The rationale of our main technical modifications includes (1) use of double-armed sutures for the outer row of U-sutures, (2) straightening the needles on these sutures before placing them through the pancreatic tissue, and (3) not tying the outer-row sutures on the anterior aspect of the pancreas before placing each double-armed suture needle through the seromuscular layer of the jejunum. As with all deformable bodies, the tendency of the pancreatic tissue to shear and deform during surgery is a complex phenomenon that depends on the mechanical properties of the tissue. The rigidity and compressivity are among the major determinants of pancreatic mechanics.

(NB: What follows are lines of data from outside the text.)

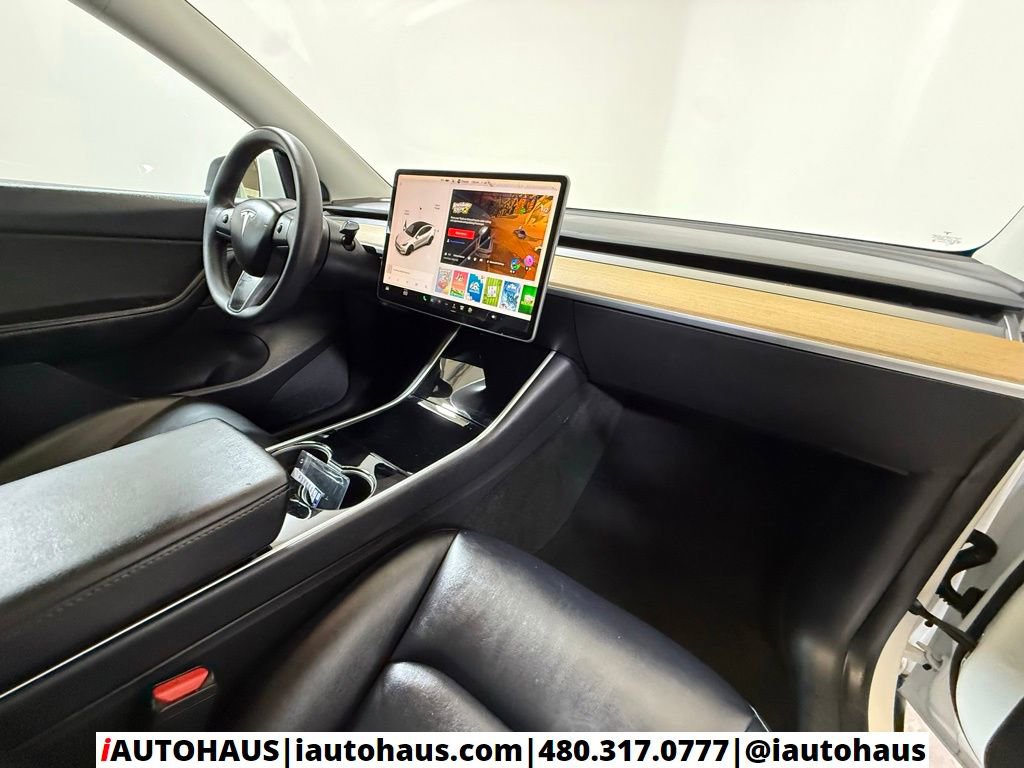 Used 2020 Tesla Model Y Long Range image 17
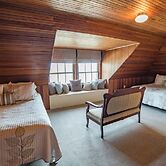 Night Swan Intracoastal B&B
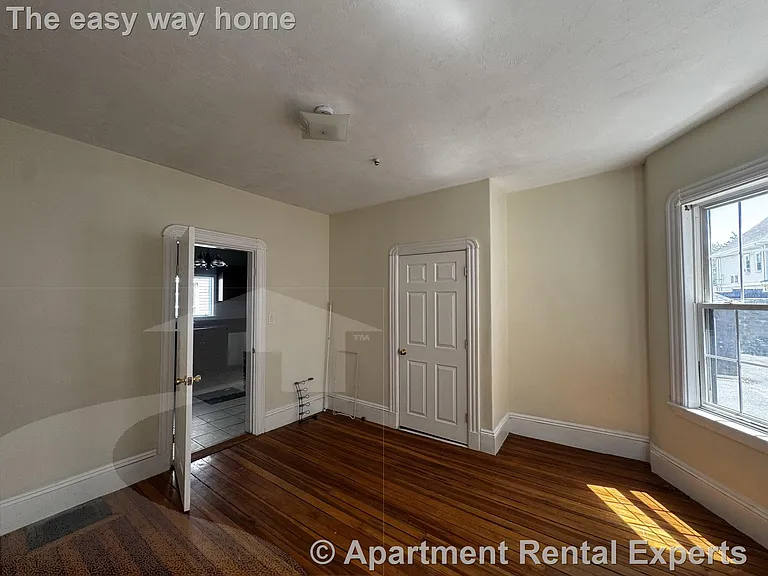 51 Glendale St #2 — Photo 4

These determinants depend on patient- and disease-related factors and do not change during the surgical procedure. Although the rigidity and compressivity are independent of the surgical process, they give an idea of the extent of tissue deformation caused by the stress from needle placement. Increasing the radius of the needle and straightening the angle at which the force is applied will decrease the force needed to pass the needle through the gland (Supplement [eAppendix]). In other words, straightening the needle will make placement of the suture much easier for the surgeon and less traumatic to the tissue (Figure 1B and C). The rationale of using double-armed sutures is based on the possibility of redistributing the shear stress created during knot tying from the pancreas to the bowel (Figure 3A).

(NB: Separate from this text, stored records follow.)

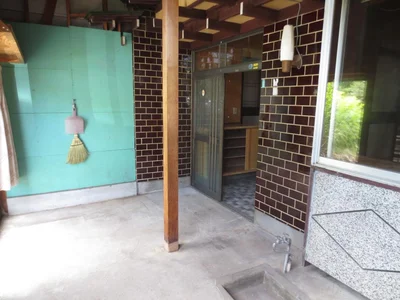 entrance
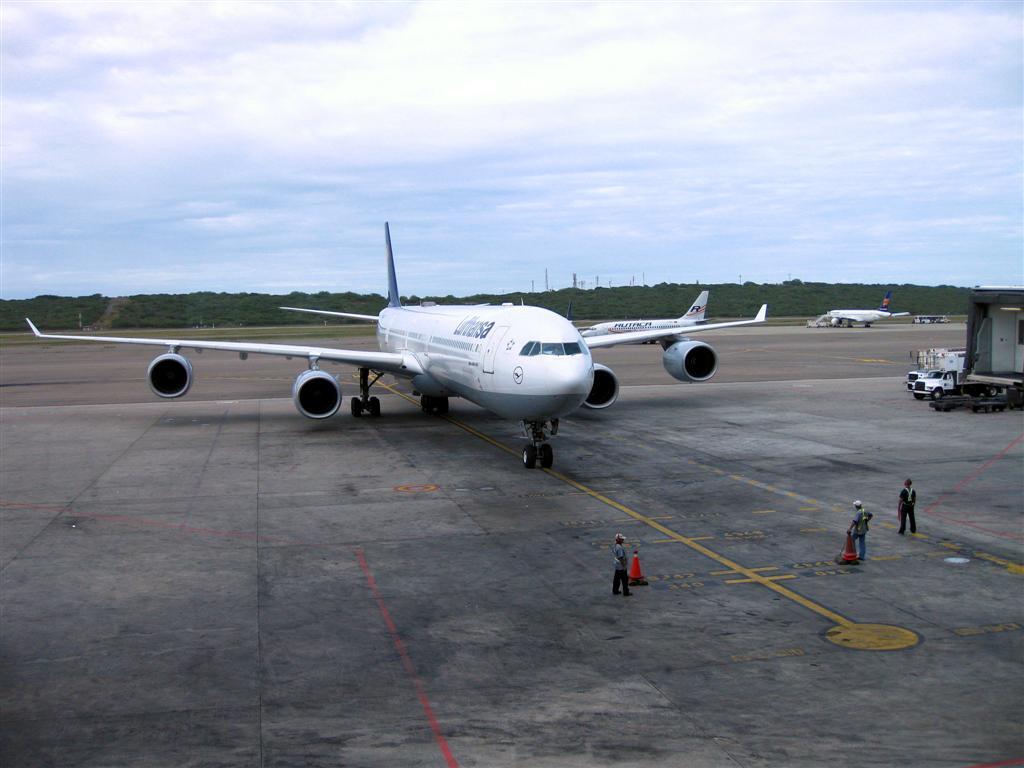 CARACAS - de Airbus A340-600 van Lufthansa die ons naar Frankfurt brengt komt aan taxiën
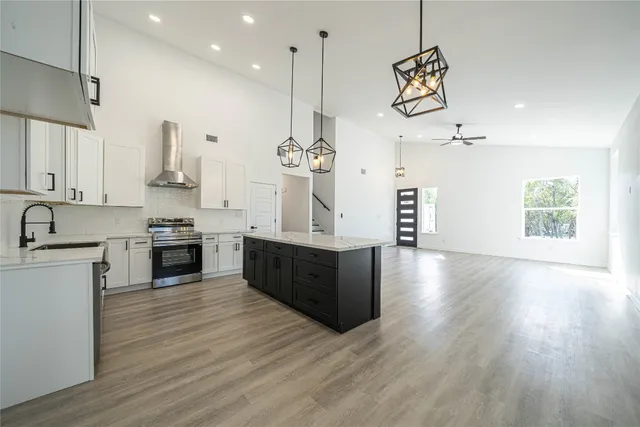 a view of a house with backyard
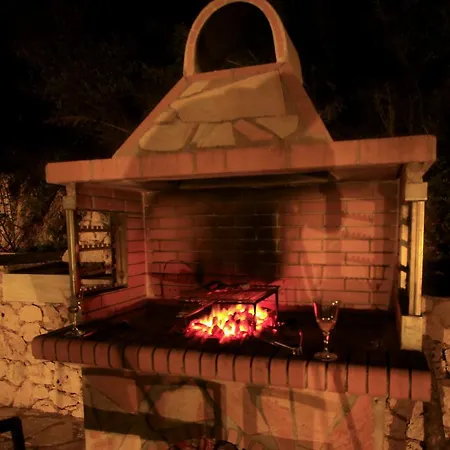 Lilac Lilium Artistsvillas * Gaios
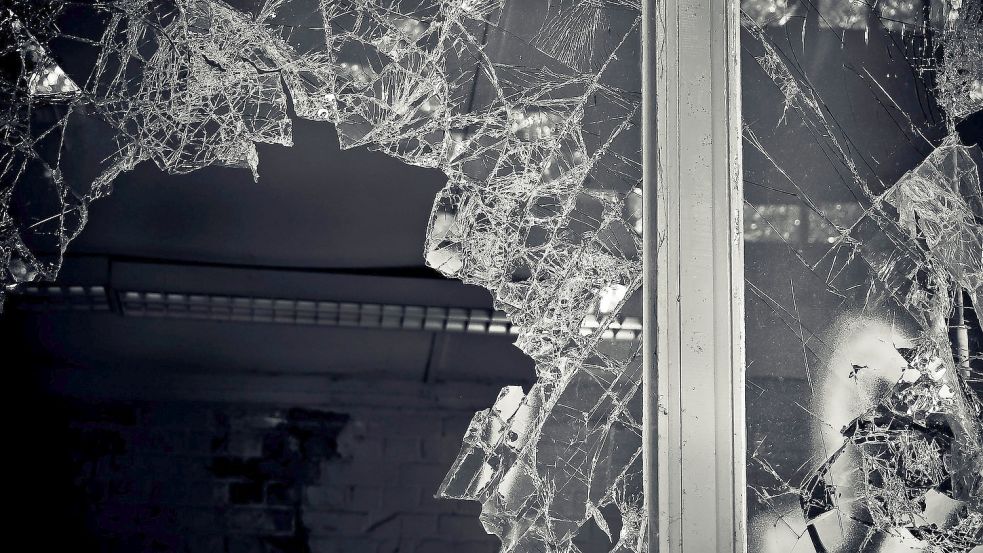Die Fenster wurden mit Steinen eingeworfen. Symbolfoto: Pixabay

Placing each double-armed suture needle through the jejunum and tying the sutures on the anterior aspect of the bowel allows for redirection of the shear forces created in the pancreatic tissue to the bowel wall (Figure 3B). This technical step cannot be accomplished with a single-needle technique because the suture strands missing a needle cannot be placed through the bowel wall, which would prevent the surgeon from being able to redistribute the respective shear forces from the pancreas to the jejunum (Figure 3C). For the same reason, we do not tie outer-row sutures on the anterior aspect of the pancreas before placing each double-armed suture needle through the seromuscular layer of the jejunum. The rationale is that tying sutures on the anterior surface of the pancreas would change the direction of the shear forces from the bowel back to the pancreas (Figure 3D).

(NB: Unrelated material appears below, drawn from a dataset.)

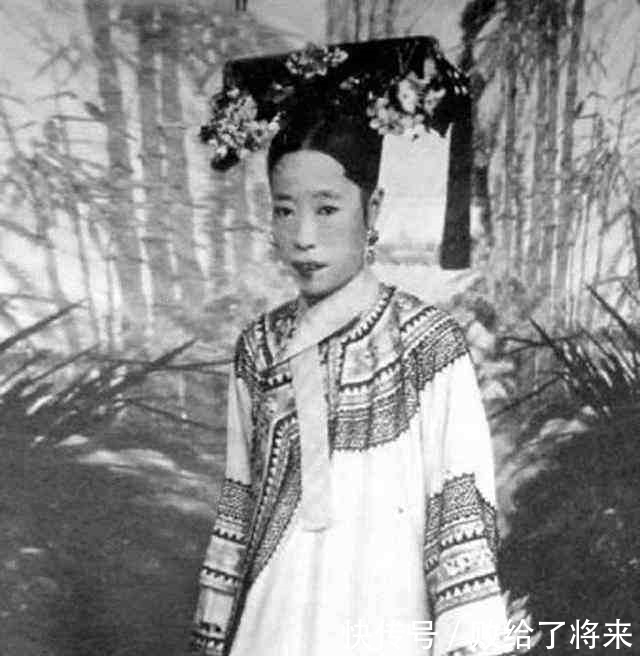 光绪|晚清老照片：第三张结婚好正式，最后一张光绪皇后看着好瘆人！
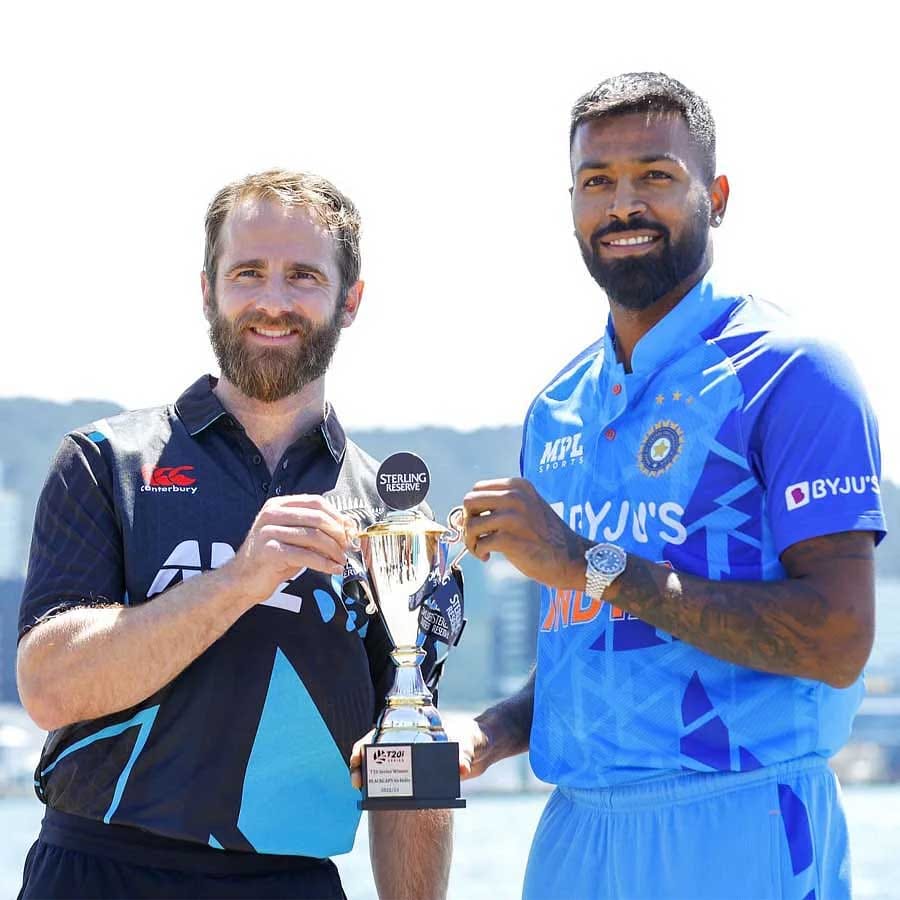 ಐಸಿಸಿ ಟಿ20 ವಿಶ್ವಕಪ್ ಸೆಮಿ ಫೈನಲ್​ನಲ್ಲಿ ಸೋತ ಭಾರತ ಹಾಗೂ ನ್ಯೂಜಿಲೆಂಡ್ (India vs New Zealand) ತಂಡಗಳು ವಿಶ್ರಾಂತಿಯ ಬಳಿಕ ಮತ್ತೆ ಮುಖಾಮುಖಿ ಆಗುತ್ತಿದೆ. ಇಂದು ವೆಲ್ಲಿಂಗ್ಟನ್​ನ ಸ್ಕೈ ಸ್ಟೇಡಿಯಂನಲ್ಲಿ ಮೊದಲ ಟಿ20 ಪಂದ್ಯವನ್ನು ಆಡುವ ಮೂಲಕ ಸರಣಿಗೆ ಚಾಲನೆ ಸಿಗಲಿದೆ.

During the respective study period, 203 hepatobiliopancreatic procedures were performed. Of these, 44 (21.7%) were pancreatoduodenectomies performed as classic, non–pylorus-preserving procedures using our modified Blumgart technique. Patients included 25 men (57%) and 19 women (43%) with a median age of 69 (range, 50-86) years. The mean length of postoperative hospital stay was 10 (range, 6-28) days. Pancreatic texture was soft in 28 cases (64%) and firm in 16 (36%). Median pancreatic duct size was 3 (range, 2-15) mm. Indications for surgery included pancreatic adenocarcinoma, ampullary cancer, distal common bile duct cancer, duodenal villous adenoma with dysplasia, duodenal cancer, mucinous cystic neoplasm, and intraductal pancreatic mucinous neoplasm.

Two cases of grade B fistula (leak) (5%) were associated with soft pancreatic gland texture and small pancreatic ducts. Both leaks resolved with conservative treatment and percutaneous drainage.


A noticeable decline in the postoperative mortality rate after partial pancreatic resection has occurred during the last several decades.20-22 Several factors have been recognized to contribute to this phenomenon, including a better understanding of the biology of pancreatic neoplasms, advances in the cross-sectional imaging, and improvements in operative technique and perioperative patient care.19,23-25 However, despite the sensible success in decreasing mortality, the rate of postoperative complications after partial pancreatic resection remains relatively high, even in high-volume surgical centers.26-28

Of all potential complications of partial pancreatic resection, PJF has received the most attention. Multiple studies27,29-31 have been published, and many factors contributing to PJF have been recognized. The gland texture, the duct size, and the blood supply to the pancreatic remnant are among the most reported potential risk factors for PJF. Since the original description of pancreaticoduodenectomy in 1935 by Whipple et al,32 multiple techniques with numerous variations, primarily technical, have been developed.2,9-13,33,34 However, a particular technical challenge that surgeons commonly face when performing pancreaticojejunostomy is the creation of shear and compressive forces that cause cutting through and deformation of the fragile pancreatic parenchyma during suture placement and knot tying.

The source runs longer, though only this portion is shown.